Mauro però chiede di allargare la visione «mantenendo comunque al centro la persona, la sua professionalità, la sua qualità di lavoro e di vita. Del resto siamo un caso del mondo di "modello italiano" di peace-keeping. I risparmi dovranno essere reinvestiti anche per il personale. Ora però dobbiamo tenere presente che se 30 anni fa i due terzi delle Forze Armate erano dislocate tra Friuli-Venezia Giulia, Veneto e Trentino-Alto Adige, oggi sono soprattutto in Campania, Sicilia e Puglia. Per forza: lo scenario si è rivoluzionato, l’area euromediterranea è al centro delle linee di instabilità che giungono dal Nord Africa così come dall’Est».

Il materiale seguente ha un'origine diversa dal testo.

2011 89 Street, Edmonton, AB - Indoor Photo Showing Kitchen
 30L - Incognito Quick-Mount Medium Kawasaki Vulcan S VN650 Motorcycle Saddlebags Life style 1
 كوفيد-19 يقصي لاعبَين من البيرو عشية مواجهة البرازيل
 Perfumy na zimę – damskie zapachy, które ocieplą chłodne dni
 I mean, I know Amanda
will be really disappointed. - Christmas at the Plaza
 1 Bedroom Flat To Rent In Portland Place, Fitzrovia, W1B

Ma tornando ai conti italiani del ministero guidato da Mauro, tra le norme dei due decreti appena varati spunta anche una novità: la «valorizzazione d’onore» - così l’hanno chiamata - degli immobili militari da rendere disponibili al mercato.
Fallita - tranne rare e volenterose eccezioni - l’offerta agli enti locali, il sistema di immobili e altre strutture della Difesa da decenni oggetto di ipotesi di vendita, o di dismissioni, o di altre operazioni più o meno rimaste al palo, tenta una nuova strada. Si offre ai privati la possibilità di acquisire con una concessione decennale, a titolo gratuito, una delle unità messe a disposizione dal ministero, se agli enti territoriali non interessa. Il privato ha l’onere di valorizzare e utilizzare l’immobile per la durata della concessione. C’è una lista di 800 unità già pronta.